Every hour of every day, pipelines move vitally needed energy products to consumers.

Our energy highway has over 2.6 million miles of extremely safe and reliable pipeline infrastructure. This system is vigorously regulated by several federal and state agencies, with the U.S. Department of Transportation having the primary oversight role of interstate pipeline safety.

Ensuring Affordability

Energy security is much more than just than the mere presence of fossil fuel resources. Real energy security is continuous access to resources at an affordable price.

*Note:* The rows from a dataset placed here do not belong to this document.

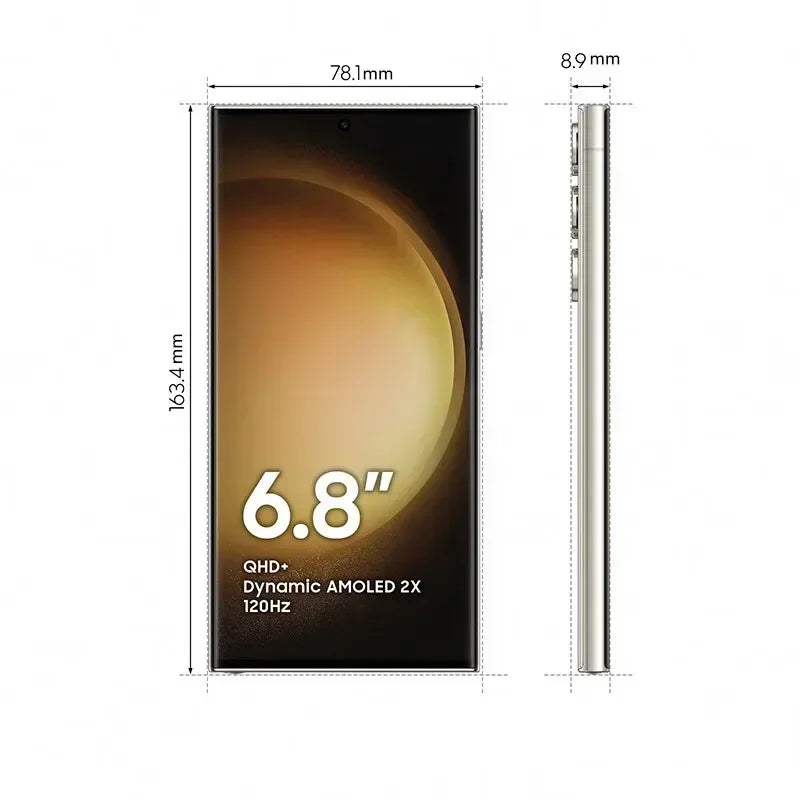 Samsung Galaxy S23 Ultra 5G S918U1 s918u 6.8' ROM 256/512GB RAM 8/12GB Snapdragon NFC Original Android Cell Phone - Merit Sell
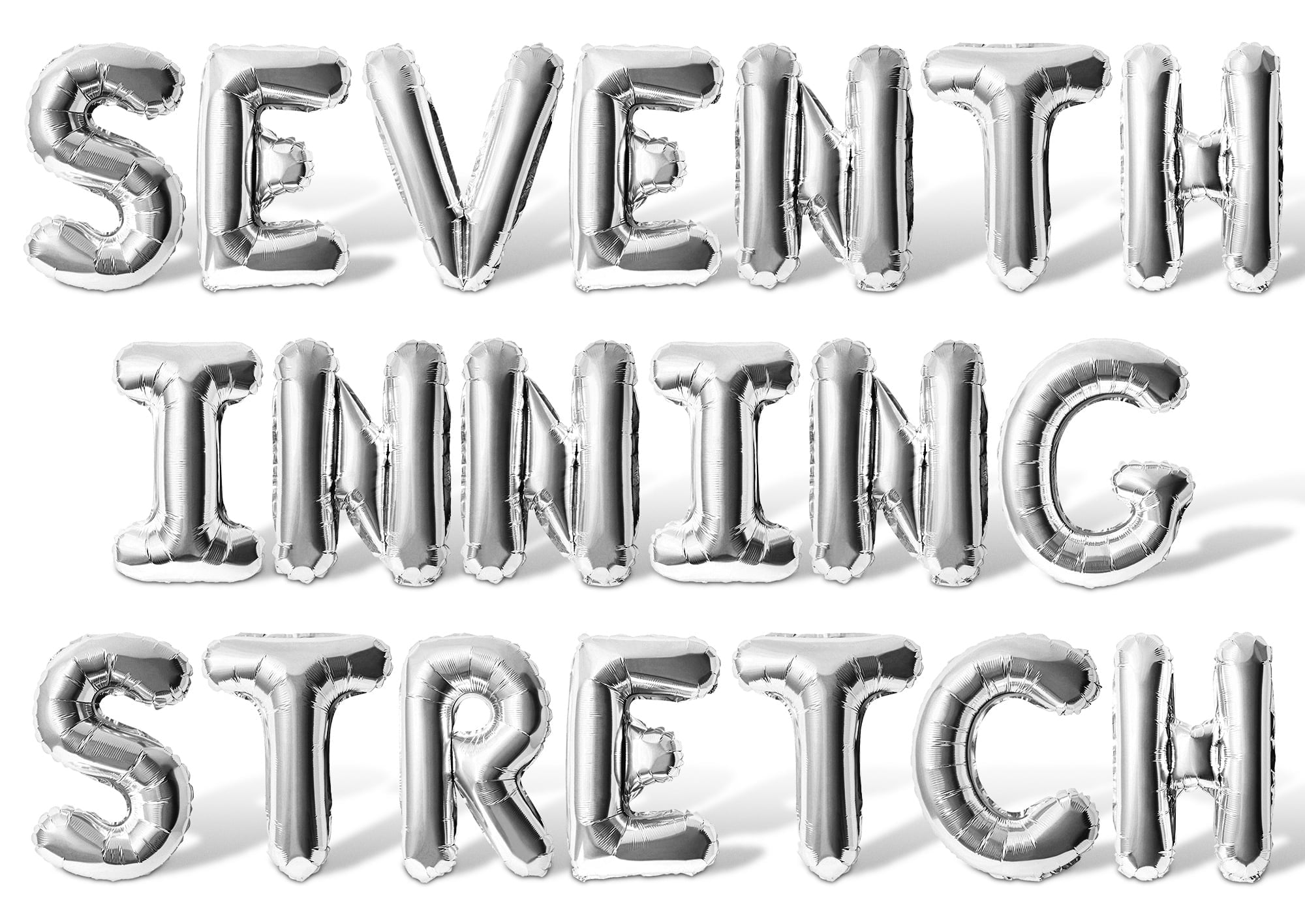 Stretch Letters Letter Balloons - SEVENTH INNING STRETCH 16
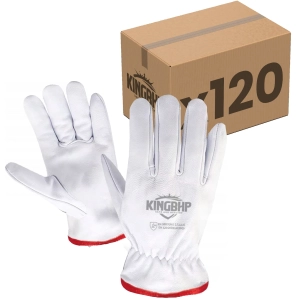 Rękawice robocze skórzane DRIVER x120 par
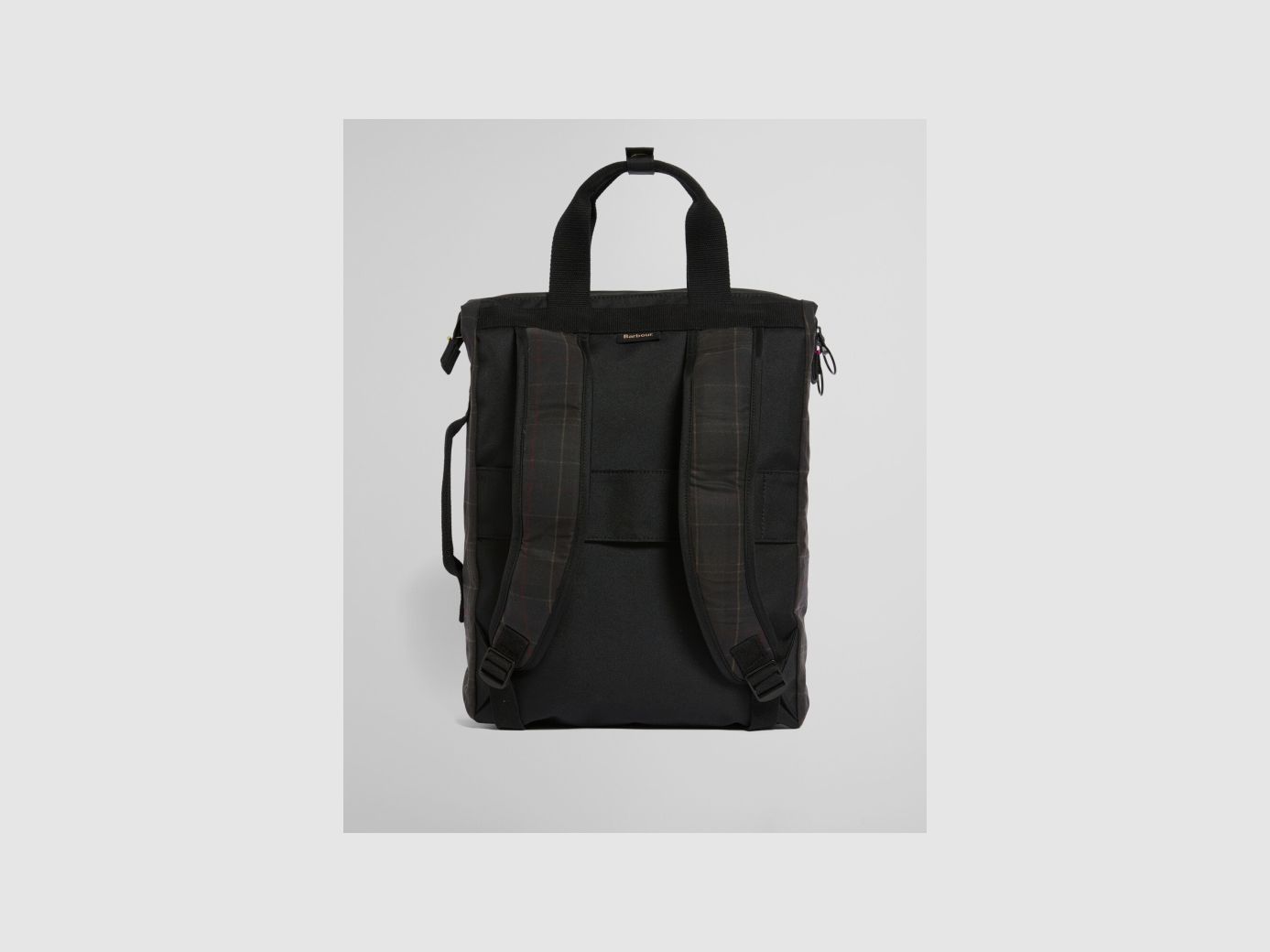 Barbour Field Wax Dunkel Klassisches Tartan Rucksack, Bild 2 von 2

Our nation’s ability to transport the surging supplies of domestic crude oil, refined products, and natural gas is the envy of the world – even among resource rich countries who have significant reserves but lack the infrastructure to efficiently and quickly get products where they are needed. It gives us an incredible strategic advantage to:

  • Bolster our economy
  • Reduce fuel cost and utility bills
  • Aide domestic manufacturing

Strengthening America in a Competitive and Increasingly Dangerous World

Expanding and upgrading our nation’s pipeline infrastructure has not only brought more domestic production to the marketplace, but it has also helped reduce our dependency on unstable and unfriendly regimes.

Nations without sufficient pipeline infrastructure know firsthand the dire consequences when pipelines are used as a weapon to shut off supplies in cold winters or to create economic hardship.

Avoiding Economic Hardship

As robust and substantial as our nation’s pipeline is, there are portions of the country that either lack enough capacity to meet market demands or simply just need an upgrade to the system. Foregoing this development can lead to serious economic hardship for families and businesses trying to make ends meet.

For example, New England consumers pay some of the highest electricity rates in the continental United States simply because the region has become increasingly reliant on clean natural gas but it lacks enough supplies and pipeline capacity on cold winter days when electricity and home heating demands are at their highest.

The Polar Vortex exposed this short-sightedness and consumers paid the price – paying billions more for natural gas – unnecessarily than other regions of the country with access to supplies.

Helping Lower Energy Costs

Exorbitant utility and electricity costs are essentially a tax on those that can afford it least and it saps the vitality of energy-intensive manufacturing and entire portions of the nation’s economy still struggling to recover.

Approving new pipeline infrastructure upgrades can go a long way toward:

  • Reducing price volatility
  • Alleviating supply bottlenecks
  • Providing affordable, reliable energy.

Increasingly our energy security also means considering ways we can improve environmental quality. Pipelines play a key role in this solution by reducing air emissions and congestion, all while being the most affordable way to move energy products over long distances.

For instance, a modestly-sized petroleum pipeline (roughly 150,000 barrels per day in capacity) could help:

  • Remove as many as 750 trucks from the roads and highways
  • Remove the number railcars by 225 per day

By reducing traffic, approving more pipelines significantly help reduce emissions from production fields. Pipeline have also been a substantial part of meeting increasingly stringent air quality standards from regulatory agencies like the EPA.